GoogleがクラウドモニタリングサービスStackdriverを買収して同社クラウドプラットホームの優位化を目指す

Googleが今日(米国時間5/7)、同社がクラウドをモニタするサービスStackdriverを買収したことを発表した。今後Googleは、同社のCloud Platformの機能の一環として、同サービスの機能を提供していくものと思われる。買収の価額等は公表されていないが、Stackdriverはこれまで、Bain CapitalとFlybridge Capitalがそれぞれ率いる2回のラウンドにより、計1500万ドルを調達している。

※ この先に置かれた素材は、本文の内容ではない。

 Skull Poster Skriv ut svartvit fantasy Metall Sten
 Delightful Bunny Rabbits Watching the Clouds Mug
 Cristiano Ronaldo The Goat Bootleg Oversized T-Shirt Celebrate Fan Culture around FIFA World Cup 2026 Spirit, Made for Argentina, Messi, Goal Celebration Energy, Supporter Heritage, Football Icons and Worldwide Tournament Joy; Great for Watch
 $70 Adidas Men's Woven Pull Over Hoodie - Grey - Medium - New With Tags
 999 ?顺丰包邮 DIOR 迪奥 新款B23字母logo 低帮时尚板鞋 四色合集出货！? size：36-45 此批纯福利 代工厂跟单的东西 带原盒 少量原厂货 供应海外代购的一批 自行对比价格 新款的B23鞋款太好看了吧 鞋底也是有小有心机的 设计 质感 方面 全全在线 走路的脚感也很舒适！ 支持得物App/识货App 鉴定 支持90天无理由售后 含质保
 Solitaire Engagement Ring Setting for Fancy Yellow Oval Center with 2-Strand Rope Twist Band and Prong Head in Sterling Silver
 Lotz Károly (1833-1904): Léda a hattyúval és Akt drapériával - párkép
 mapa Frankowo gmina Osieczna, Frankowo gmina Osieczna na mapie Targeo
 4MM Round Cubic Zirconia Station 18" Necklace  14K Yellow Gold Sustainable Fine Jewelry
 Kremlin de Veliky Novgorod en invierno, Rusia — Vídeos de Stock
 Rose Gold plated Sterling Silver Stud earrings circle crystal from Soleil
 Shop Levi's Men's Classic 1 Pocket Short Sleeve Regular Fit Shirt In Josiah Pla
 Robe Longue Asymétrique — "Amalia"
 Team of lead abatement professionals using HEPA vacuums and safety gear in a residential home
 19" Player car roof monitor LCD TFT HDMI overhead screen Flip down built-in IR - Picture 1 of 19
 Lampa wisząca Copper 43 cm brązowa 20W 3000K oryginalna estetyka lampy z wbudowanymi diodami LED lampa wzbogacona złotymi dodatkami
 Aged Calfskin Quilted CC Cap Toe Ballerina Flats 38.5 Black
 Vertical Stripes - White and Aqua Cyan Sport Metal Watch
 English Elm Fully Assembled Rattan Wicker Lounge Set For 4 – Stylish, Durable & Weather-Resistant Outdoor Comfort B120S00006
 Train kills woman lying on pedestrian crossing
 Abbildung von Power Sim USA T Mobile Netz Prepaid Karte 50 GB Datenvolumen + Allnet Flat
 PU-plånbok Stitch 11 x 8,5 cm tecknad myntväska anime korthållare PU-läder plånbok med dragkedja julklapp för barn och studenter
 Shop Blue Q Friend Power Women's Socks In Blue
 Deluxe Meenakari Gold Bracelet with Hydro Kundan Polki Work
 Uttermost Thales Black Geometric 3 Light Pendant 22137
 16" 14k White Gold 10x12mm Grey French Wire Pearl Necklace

2012年にローンチしたStackdriverは、ユーザのクラウドアプリケーションの監視を代行し、問題が起きたときにはdevopsの一部を自動化、そして、ユーザのクラウド利用状況を詳細に数字で把握し記録する。

これまで、Amazon Web Servicesのモニタリングが主だったが、個別のサーバや、Rackspaceのクラウドサービス、Google Cloud Engineのインスタンスなどもサポートしている。昨年同社がシリーズBの資金調達ラウンドを完了したときに、協同ファウンダのIzzy AzeriとDan Belcherに聞いたところによると、今後はもっとサポートする対象サービスを増やしたいという話だった。そういった努力が、今回の買収に結びついたのだろう。

Googleとしては、Stackdriverの既有のサービスはすべてそのまま継続させ、ユーザにはハイブリッドなクラウド環境に対しても使えるツールを提供していく。ただしStackdriverのチームは当面、Google Cloud Platformとの統合化に追われ、主にGoogleの顧客に“同社の高度なモニタリング能力を提供して”いくことになる。そしてそれが、顧客においては、Googleのクラウドサービスを利用することのアドバンテージにもなる。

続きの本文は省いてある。